En cuanto a lo económico, también hay sus espacios de actuación. Por ejemplo, tenemos a los jueces para determinar el monto de la compensación por daños sufridos cuando se está ante un mal actuar de alguien o algunos que propician el daño a la salud y, además, a los responsables políticos para decidir entre varias opciones frente a riesgos conocidos y múltiples.

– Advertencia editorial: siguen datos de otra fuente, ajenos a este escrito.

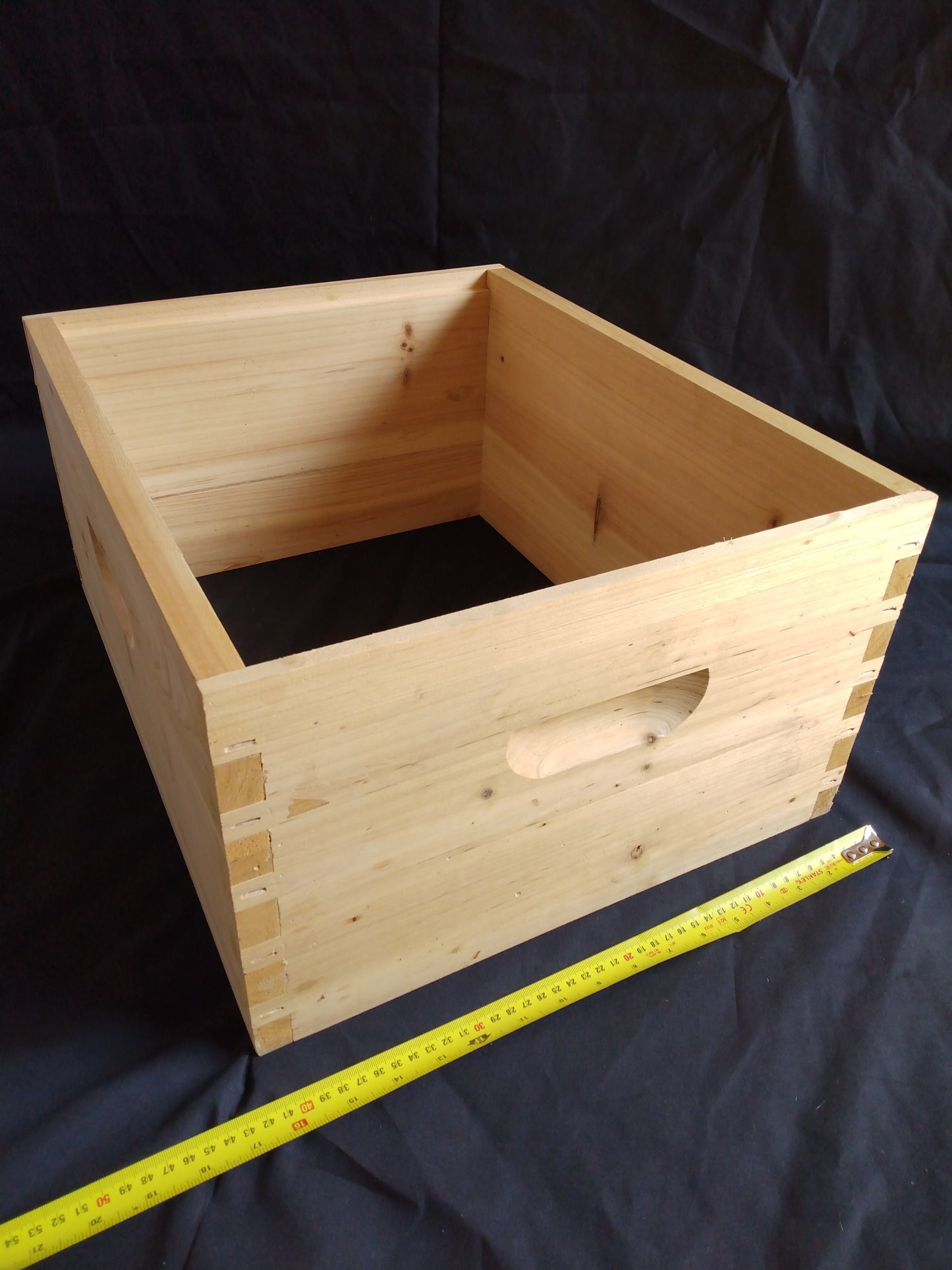 10 deep hive bodies (unassembled)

Ese tipo de análisis, también presupone considerar el riesgo a la salud, supone la evaluación de una probabilidad de que sobrevenga un deceso o daño y cómo asumirlo por el causante o prohibir ante el riesgo.

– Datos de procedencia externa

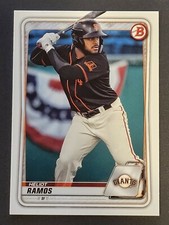 2020 Bowman Paper Prospects Baseball #BP148 Heliot Ramos RC (Giants)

Lo claro en resumen es que estos dos enfoques; ético y económico no son excluyentes, dado que el enfoque ético, confiere a la vida un valor absoluto, y el enfoque económico, le otorga un valor relativo, tal cosa ocurre incluso en la decisión y enfoque de ambas medicinas, la clínica o sanadora y la salubrista o preventiva, la individual y la colectiva.

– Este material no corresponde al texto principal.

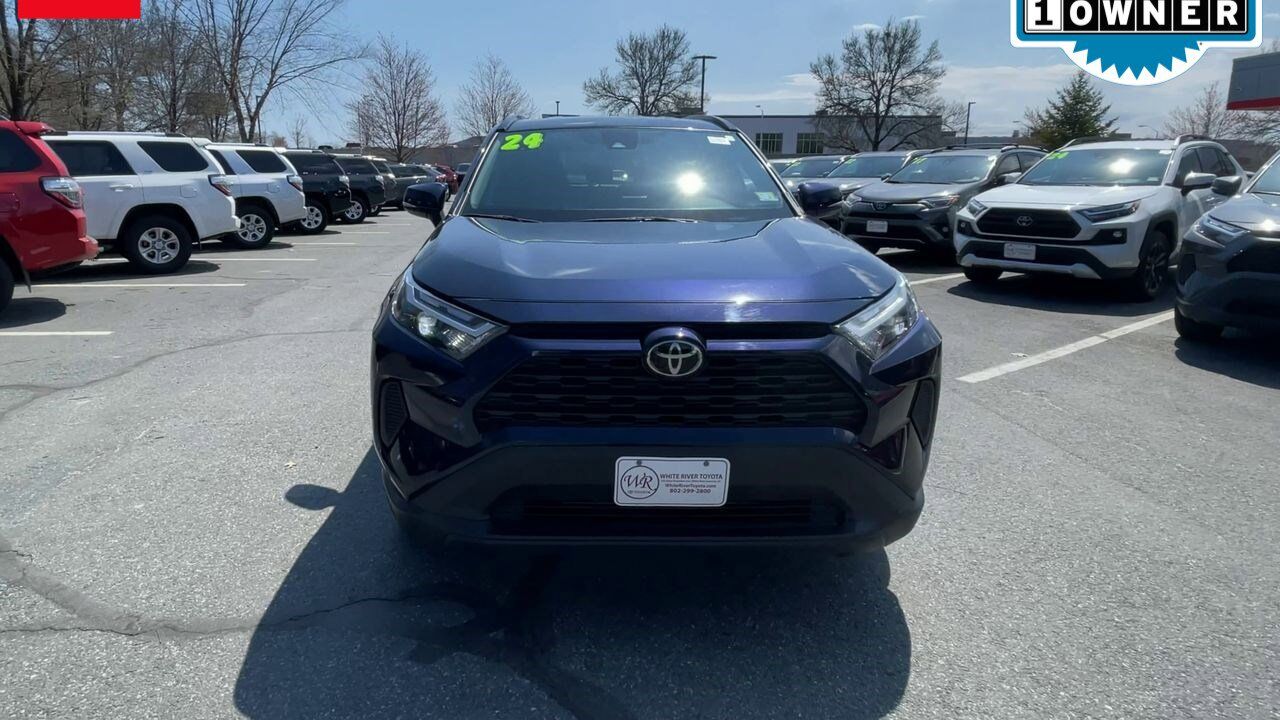 2024 Toyota RAV4 XLE White River Junction VT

Quiere un ejemplo de lo que decimos, usemos uno que aplique a todas partes del mundo. La mortalidad. Veamos el caso en hombres y usemos el último siglo. Las encuestas más recientes constatan que, si bien a lo largo en cuatro décadas los varones ganaron en promedio a todo nivel más años de esperanza de vida, las diferencias se mantienen, incluso han aumentado entre obreros y cargos gerenciales públicos o privados. Además, por lo general, los años que quedan por vivir son más a menudo con una incapacidad en el caso de los obreros que en el de los segundos, ya sea se hable de incapacidad leve o moderada o grave para las formas que limitan la actividad. Esto está propiciando violación tanto del enfoque ético como del económico en lo que respecta a la salud. Esos resultados también nos aclaran que las desigualdades ante la muerte, reflejan con bastante fidelidad las diferentes expresiones de las desigualdades sociales. Es muy posible (si ignoramos la ayuda de las remesas en nuestro razonamiento para nuestro caso) que esas desigualdades se han incrementado considerablemente desde las últimas décadas del siglo, debido a un endurecimiento de las prácticas económicas y al retroceso de las políticas sociales; en conjunto, esto puede estar en muchos (especialmente en los que no reciben remesas) aumentando su grado de precarización de atención a sus derechos y del empleo y al empobrecimiento de las clases populares.
En resumen, la forma de gobernar que hemos tenido, es claro que permite –con muchas inequidades e injusticias a veces– adquirir a algunos un estatus más elevado y un empleo más estable, ser más rico y tener títulos educativos de nivel más alto, garantizando una mejor posición financiera y condiciones de vida más favorables y también permite una vida más larga y con un mejor estado de salud. Más de la mitad de nuestra población queda al margen de ello.